A single terabyte is a few magnitudes from what you need big-data-anything for. You could probably work with that just fine on your average 64GB ram desktop with an SSD.

Another poster already replied with a decent refutation of this claim, but a single pass over a TB of data is often not enough for 'big data' use cases and at tens of minutes per pass, it may very well be infeasible to operate on such at dataset with only 64GB of memory.

In the machine learning world, some of the algorithms that are industrial workhorses will require you to have your dataset in memory (ie: all the common GBM libraries), and will walk over it lots of times.

You may be able to perform some gymnastics and allow the OS to swap your terabyte+ dataset around inside your 64GB of RAM, but the algorithms are now going to take forever to complete as you thrash your swap constantly while the training algorithm is running.

tl;dr - a terabyte dataset in the machine learning context may very well need that much RAM plus some overhead in terms of memory available to be able to train a model on the dataset.

A small computer with 1 SSD will take at least 10-20 minutes to make a pass over 1TB of data, if everything is perfectly pipelined.

Samsung claims their 970 Pro NVMe can read 3.5GB/s sequentially. That's about 300 seconds or 5 minutes per TB.

It can't though.

It can, and their fastest enterprise SSD can write at that speed too, or do sequential reads at 7-8GB/s, or random reads at over 4 GB/s.

I just ran `time cp /dev/nvme0n1 /dev/null` on the 1TB 970 Pro. The result:

  real    4m50.724s
  user    0m2.001s
  sys     3m10.282s
So with literally zero optimization effort, we've hit the spec (and saturated a PCIe 3.0 x4 link).

Impressive performance for a $345 consumer grade SSD.

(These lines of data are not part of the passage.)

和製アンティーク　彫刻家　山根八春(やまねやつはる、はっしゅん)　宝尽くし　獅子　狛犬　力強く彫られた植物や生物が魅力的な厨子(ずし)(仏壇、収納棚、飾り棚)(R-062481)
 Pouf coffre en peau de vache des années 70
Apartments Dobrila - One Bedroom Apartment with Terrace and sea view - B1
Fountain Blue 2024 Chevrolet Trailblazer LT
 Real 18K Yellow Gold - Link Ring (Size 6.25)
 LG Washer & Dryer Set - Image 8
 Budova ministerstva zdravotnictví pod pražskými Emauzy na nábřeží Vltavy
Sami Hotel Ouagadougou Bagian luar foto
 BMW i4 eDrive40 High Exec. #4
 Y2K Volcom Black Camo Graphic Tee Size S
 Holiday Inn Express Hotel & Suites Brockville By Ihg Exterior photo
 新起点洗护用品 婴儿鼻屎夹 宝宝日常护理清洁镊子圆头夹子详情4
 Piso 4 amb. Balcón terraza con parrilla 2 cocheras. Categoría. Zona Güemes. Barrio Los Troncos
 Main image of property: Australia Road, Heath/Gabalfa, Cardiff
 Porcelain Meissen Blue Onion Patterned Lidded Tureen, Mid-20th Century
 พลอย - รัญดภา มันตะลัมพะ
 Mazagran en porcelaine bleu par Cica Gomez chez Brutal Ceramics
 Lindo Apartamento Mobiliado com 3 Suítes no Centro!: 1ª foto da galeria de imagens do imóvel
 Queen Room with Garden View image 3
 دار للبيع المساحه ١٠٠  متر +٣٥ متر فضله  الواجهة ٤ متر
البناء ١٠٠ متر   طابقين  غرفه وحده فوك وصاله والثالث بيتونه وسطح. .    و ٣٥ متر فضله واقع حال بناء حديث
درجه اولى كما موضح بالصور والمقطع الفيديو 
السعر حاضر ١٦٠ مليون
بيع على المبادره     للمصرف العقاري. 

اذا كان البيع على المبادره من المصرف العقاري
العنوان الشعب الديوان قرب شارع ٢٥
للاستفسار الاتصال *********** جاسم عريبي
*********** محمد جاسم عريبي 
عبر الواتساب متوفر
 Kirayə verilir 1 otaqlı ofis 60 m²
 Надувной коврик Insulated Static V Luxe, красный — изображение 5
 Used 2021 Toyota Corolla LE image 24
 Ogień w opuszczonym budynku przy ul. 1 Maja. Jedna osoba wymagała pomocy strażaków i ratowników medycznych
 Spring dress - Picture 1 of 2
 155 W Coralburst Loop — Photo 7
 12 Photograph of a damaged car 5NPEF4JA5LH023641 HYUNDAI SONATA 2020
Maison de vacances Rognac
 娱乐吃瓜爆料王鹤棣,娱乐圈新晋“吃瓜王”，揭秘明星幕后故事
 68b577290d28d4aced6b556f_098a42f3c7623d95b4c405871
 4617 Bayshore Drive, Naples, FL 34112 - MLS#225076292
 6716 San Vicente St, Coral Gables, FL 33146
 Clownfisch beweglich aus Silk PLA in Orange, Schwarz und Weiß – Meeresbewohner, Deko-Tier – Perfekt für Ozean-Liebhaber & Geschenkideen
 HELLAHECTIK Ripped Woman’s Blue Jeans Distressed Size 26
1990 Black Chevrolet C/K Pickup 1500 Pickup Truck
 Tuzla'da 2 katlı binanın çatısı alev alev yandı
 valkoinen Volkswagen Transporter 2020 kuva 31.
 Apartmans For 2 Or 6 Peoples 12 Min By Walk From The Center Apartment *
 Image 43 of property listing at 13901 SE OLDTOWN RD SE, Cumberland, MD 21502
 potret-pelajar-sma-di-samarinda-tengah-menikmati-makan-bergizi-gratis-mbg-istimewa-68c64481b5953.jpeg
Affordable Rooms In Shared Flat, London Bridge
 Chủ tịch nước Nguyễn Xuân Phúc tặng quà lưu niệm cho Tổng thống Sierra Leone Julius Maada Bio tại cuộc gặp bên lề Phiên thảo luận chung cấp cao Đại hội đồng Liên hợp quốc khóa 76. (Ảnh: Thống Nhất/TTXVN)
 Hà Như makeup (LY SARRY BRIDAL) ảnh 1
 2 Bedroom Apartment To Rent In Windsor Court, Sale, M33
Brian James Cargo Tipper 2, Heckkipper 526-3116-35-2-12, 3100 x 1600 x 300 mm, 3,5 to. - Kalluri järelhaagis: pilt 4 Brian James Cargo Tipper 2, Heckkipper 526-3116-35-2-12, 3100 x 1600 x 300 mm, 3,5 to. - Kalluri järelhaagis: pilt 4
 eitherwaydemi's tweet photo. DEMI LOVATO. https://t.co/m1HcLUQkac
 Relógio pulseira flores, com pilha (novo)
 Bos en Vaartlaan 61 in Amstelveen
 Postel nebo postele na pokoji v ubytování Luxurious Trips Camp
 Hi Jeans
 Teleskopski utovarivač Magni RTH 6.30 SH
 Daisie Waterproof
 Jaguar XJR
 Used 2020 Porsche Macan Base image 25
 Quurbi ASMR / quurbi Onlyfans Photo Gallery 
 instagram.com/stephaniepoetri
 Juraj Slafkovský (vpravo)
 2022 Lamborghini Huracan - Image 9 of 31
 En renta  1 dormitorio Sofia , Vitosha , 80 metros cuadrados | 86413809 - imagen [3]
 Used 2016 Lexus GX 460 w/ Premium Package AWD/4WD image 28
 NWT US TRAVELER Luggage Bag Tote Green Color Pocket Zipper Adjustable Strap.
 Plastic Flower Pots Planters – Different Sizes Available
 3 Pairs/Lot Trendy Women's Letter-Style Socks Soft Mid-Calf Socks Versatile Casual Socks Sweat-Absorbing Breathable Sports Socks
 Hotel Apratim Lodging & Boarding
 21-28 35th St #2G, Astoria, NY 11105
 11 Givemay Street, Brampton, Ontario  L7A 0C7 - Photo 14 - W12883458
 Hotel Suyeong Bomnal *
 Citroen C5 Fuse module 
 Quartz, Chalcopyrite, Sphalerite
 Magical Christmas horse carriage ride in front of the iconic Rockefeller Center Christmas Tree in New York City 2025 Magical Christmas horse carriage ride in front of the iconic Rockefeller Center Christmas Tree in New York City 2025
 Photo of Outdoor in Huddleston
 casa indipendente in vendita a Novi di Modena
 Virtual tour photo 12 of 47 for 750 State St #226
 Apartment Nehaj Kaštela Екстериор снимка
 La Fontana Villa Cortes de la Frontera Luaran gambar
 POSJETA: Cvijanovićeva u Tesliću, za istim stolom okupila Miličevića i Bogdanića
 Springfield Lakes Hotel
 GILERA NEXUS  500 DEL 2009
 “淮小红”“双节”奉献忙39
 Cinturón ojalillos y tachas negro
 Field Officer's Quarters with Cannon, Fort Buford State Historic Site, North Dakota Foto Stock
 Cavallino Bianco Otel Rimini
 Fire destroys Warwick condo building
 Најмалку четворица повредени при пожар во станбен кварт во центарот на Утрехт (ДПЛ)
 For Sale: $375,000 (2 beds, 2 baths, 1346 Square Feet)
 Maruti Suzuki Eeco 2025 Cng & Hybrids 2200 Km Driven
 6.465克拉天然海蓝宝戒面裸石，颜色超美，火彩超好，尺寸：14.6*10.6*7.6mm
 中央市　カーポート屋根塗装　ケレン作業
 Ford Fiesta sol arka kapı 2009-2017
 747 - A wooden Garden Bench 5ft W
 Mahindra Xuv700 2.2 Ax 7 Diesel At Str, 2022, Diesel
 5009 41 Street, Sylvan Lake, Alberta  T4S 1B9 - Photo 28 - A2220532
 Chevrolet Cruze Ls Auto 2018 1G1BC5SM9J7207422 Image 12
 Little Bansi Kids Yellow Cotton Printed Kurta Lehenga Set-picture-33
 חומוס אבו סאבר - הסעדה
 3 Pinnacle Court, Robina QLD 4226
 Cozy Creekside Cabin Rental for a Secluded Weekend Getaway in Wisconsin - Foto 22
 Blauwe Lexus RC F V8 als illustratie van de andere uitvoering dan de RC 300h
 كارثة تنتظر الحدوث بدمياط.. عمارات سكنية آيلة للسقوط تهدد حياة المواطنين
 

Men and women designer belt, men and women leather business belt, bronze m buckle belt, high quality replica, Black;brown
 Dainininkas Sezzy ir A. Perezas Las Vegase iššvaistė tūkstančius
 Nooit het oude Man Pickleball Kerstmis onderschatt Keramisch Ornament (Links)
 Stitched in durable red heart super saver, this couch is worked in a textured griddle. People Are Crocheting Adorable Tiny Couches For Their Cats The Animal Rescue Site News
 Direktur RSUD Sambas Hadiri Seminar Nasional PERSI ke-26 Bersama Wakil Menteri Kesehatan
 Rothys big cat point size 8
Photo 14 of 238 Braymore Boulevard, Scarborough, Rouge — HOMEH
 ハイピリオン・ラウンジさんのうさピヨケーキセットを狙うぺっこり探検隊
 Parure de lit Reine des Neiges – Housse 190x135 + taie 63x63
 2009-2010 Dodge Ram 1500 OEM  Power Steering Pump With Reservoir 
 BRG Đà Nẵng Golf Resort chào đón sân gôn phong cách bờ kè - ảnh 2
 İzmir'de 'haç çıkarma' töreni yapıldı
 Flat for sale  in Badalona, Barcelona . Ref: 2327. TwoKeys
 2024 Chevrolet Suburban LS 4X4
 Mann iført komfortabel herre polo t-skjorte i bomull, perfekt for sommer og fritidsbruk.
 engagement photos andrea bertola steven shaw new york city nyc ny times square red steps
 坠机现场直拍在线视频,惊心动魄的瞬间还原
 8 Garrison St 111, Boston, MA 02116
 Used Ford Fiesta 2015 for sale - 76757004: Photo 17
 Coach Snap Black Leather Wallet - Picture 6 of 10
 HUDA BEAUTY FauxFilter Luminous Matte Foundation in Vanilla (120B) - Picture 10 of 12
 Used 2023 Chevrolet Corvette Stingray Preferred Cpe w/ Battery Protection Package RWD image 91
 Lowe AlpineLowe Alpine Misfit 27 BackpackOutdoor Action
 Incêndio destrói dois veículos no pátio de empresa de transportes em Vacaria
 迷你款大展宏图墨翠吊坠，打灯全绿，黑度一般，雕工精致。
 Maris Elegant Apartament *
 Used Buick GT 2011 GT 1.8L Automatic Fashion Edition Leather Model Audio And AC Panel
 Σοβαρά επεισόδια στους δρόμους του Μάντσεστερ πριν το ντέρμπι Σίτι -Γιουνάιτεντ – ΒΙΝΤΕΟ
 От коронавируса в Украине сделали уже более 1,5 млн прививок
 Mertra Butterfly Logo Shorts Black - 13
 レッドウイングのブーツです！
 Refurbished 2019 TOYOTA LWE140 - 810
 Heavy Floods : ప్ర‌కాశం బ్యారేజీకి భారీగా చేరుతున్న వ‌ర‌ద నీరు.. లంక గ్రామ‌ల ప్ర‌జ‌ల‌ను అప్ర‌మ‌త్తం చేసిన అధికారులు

That's impressive and all, but any fragmentation or non-linear access and performance will fall off a cliff

You'd probably be surprised. For reads, there are tons of drives that will saturate PCIe 3.0 x4 with 4kB random reads. Throughput is a bit lower because of more overhead from smaller commands, but still several GB/s. Fragmentation won't appreciably slow you down any further, as long as you keep feeding the drive a reasonably large queue of requests (so you do need your software to be working with a decent degree of parallelism).

What will cause you serious and unavoidable trouble is if you cannot structure things to have any spatial locality. If you only want one 64-bit value out of the 4kB block you've fetched, and you'll come back later another 511 times to fetch the other 64b values in that block, then your performance deficit relative to DRAM will be greatly amplified (because your DRAM fetches would be 64B cachelines fetch 8x each instead of 4kB blocks fetched 512x each).